The researchers told BleepingComputer that attackers leveraging the bug can get “full access to the target system with web-server privileges.”
They are warning that trying to block exploitation attempts by setting up a web application firewall (WAF) is not a reliable solution because there are multiple ways to leverage the bug, “without specific and non-removable constructions in the request.”
Positive Technologies researchers told us that developing “a complete exploit is quite a difficult task” if technical details are not available. However, once this obstacle is eliminated, attacking vulnerable targets “is quite straightforward and simple.”
However, threat actors are not to be underestimated. Even if it takes them longer to come up with an exploit, motivated adversaries will invest the effort to develop it.
Online stores are a prime target for financially-driven hackers that are after payment card data, typically captured by a web skimmer – a malicious script injected into payment forms.
Furthermore, as Adobe noted in their advisory, some threat actors are already leveraging CVE-2022-24086 in limited attacks.
According to the researchers’ estimations, there are more than 17,000 vulnerable websites, some of them from “major businesses.”

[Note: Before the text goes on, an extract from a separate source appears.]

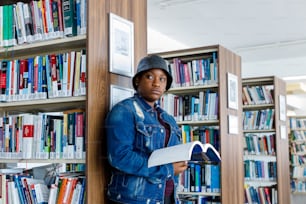 a woman leaning against a book shelf in a library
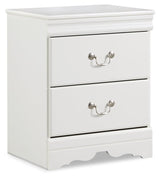 side view of white sleigh bed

The researchers say that they have no plans to publish the proof-of-concept (PoC) exploit code they created or to share it privately within the infosec industry.
The decision is primarily motivated by the significant number of websites running unpatched Adobe Commerce and Magento products.
Online store administrators are recommended to install the patches for both critical vulnerabilities to defend exploitation attempts.
Credited for the second critical bug (CVE-2022-24087) are researchers Eboda and Blaklis, the latter stressing that applying the first fix is not sufficient:
A new patch have been published for Magento 2, to mitigate the pre-authenticated remote code execution. If you patched with the first patch, THIS IS NOT SUFFICIENT to be safe.
Please update again!https://t.co/vtYj9Ic6ds@ptswarm (as you had a PoC too!)#magento— Blaklis (@Blaklis_) February 17, 2022
Update [February 18, 2022, 06:20 AM EST]: Fabian Schmengler, a Magento Certified Developer working at technical eCommerce consulting company integer_net, warns that Adobe’s patch for CVE-2022-24087 (MDVA-43443) breaks the “Template Styles” CSS configuration in email templates “because all curly braces are removed to sanitize input.”
The developer notes that even so, having “less colorful emails” is a good trade-off for not being impacted by a remote code execution vulnerability.